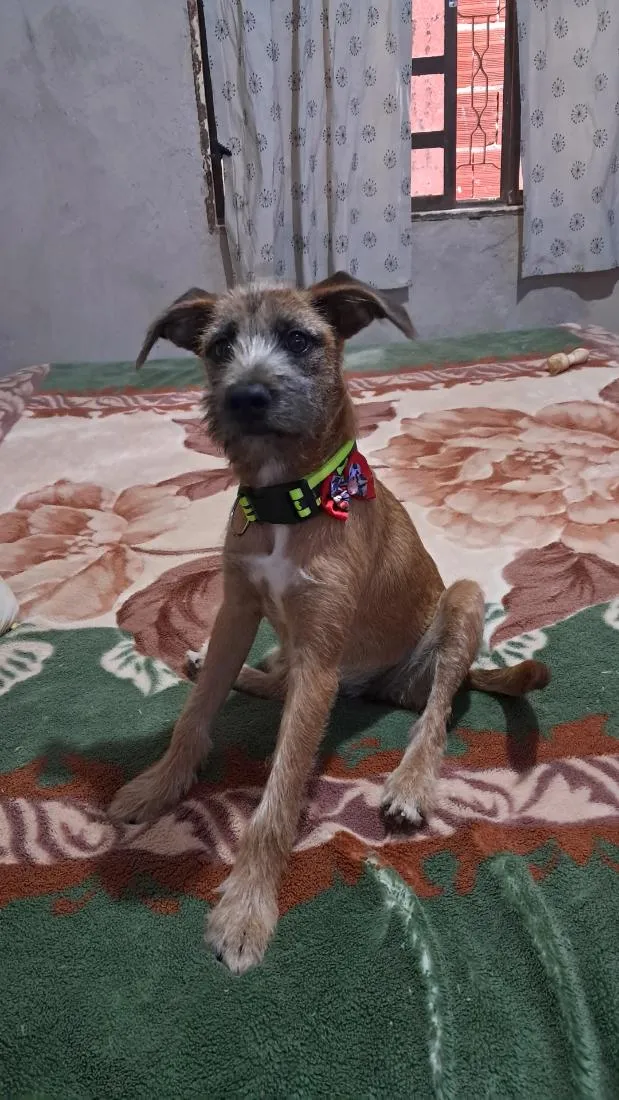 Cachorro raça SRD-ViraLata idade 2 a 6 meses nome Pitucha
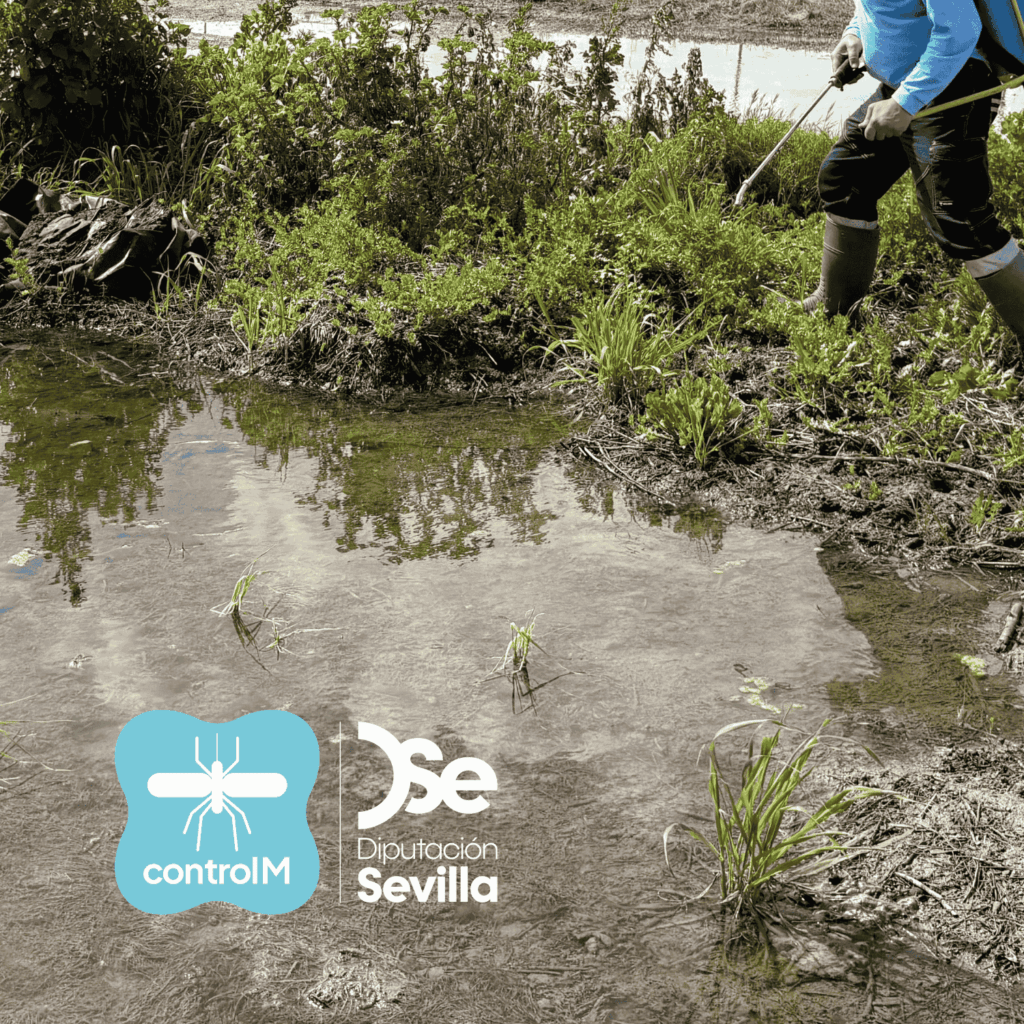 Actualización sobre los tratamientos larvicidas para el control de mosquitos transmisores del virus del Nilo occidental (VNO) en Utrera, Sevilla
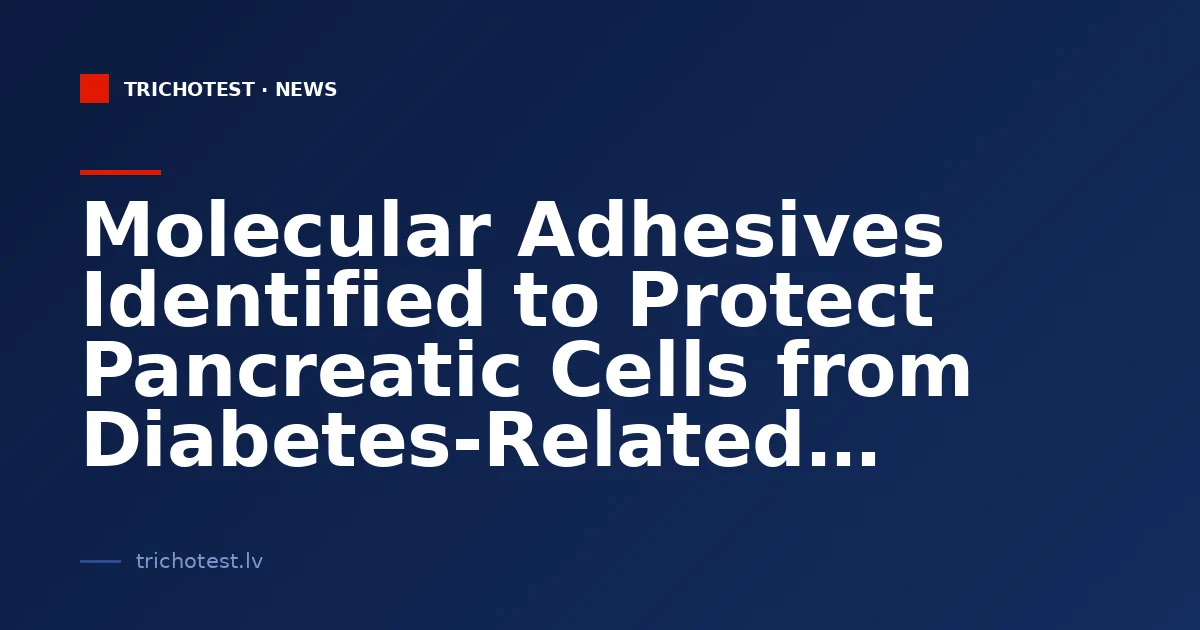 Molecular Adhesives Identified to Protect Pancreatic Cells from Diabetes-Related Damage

→ **ACTION ITEM**:
Every line above must appear in the answer unchanged, and no picture may appear in it.

→ **RESPONSE**:
 Cachorro raça SRD-ViraLata idade 2 a 6 meses nome Pitucha
 Actualización sobre los tratamientos larvicidas para el control de mosquitos transmisores del virus del Nilo occidental (VNO) en Utrera, Sevilla
 Molecular Adhesives Identified to Protect Pancreatic Cells from Diabetes-Related Damage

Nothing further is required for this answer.